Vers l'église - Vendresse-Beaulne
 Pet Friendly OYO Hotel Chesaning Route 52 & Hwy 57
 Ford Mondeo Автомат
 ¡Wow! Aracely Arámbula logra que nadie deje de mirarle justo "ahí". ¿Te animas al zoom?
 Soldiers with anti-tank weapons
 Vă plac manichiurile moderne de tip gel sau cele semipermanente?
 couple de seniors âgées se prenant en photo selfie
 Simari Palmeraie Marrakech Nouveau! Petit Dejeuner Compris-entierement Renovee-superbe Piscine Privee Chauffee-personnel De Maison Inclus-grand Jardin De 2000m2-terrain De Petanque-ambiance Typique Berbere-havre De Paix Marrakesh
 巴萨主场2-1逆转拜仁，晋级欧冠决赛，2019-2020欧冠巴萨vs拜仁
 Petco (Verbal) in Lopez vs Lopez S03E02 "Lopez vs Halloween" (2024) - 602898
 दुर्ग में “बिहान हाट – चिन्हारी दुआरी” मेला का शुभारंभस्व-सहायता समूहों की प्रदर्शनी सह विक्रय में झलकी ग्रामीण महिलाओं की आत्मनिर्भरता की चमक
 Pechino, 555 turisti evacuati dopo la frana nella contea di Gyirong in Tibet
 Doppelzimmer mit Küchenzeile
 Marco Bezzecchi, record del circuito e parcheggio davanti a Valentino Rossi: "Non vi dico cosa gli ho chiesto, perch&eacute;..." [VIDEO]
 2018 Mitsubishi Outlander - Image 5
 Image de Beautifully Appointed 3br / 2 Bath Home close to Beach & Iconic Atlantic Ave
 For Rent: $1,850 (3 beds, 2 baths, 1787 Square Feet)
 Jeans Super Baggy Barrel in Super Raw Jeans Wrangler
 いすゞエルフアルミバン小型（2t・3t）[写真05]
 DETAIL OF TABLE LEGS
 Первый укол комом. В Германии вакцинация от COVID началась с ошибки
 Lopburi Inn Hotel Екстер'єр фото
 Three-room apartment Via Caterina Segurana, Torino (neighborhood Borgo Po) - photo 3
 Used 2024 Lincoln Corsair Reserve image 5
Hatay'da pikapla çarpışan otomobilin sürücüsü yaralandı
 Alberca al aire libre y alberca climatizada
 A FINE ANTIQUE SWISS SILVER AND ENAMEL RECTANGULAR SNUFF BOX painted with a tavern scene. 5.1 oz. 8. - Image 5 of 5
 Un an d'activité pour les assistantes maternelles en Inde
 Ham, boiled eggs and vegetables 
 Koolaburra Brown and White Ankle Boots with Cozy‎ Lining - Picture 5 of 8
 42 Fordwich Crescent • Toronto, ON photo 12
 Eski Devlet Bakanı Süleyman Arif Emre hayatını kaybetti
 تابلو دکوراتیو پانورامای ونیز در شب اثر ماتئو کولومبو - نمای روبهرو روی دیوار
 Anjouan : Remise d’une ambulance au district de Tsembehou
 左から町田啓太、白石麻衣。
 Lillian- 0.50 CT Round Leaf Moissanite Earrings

### WORK TO COMPLETE
Would you copy, unchanged, the stretch of the records above that begins at the line containing "Lopburi Inn Hotel Екстер'єр фото" and ends at the line containing "Alberca al aire libre y alberca climatizada", and only that?

### SOLUTION FOR THIS PROBLEM
 Lopburi Inn Hotel Екстер'єр фото
 Three-room apartment Via Caterina Segurana, Torino (neighborhood Borgo Po) - photo 3
 Used 2024 Lincoln Corsair Reserve image 5
Hatay'da pikapla çarpışan otomobilin sürücüsü yaralandı
 Alberca al aire libre y alberca climatizada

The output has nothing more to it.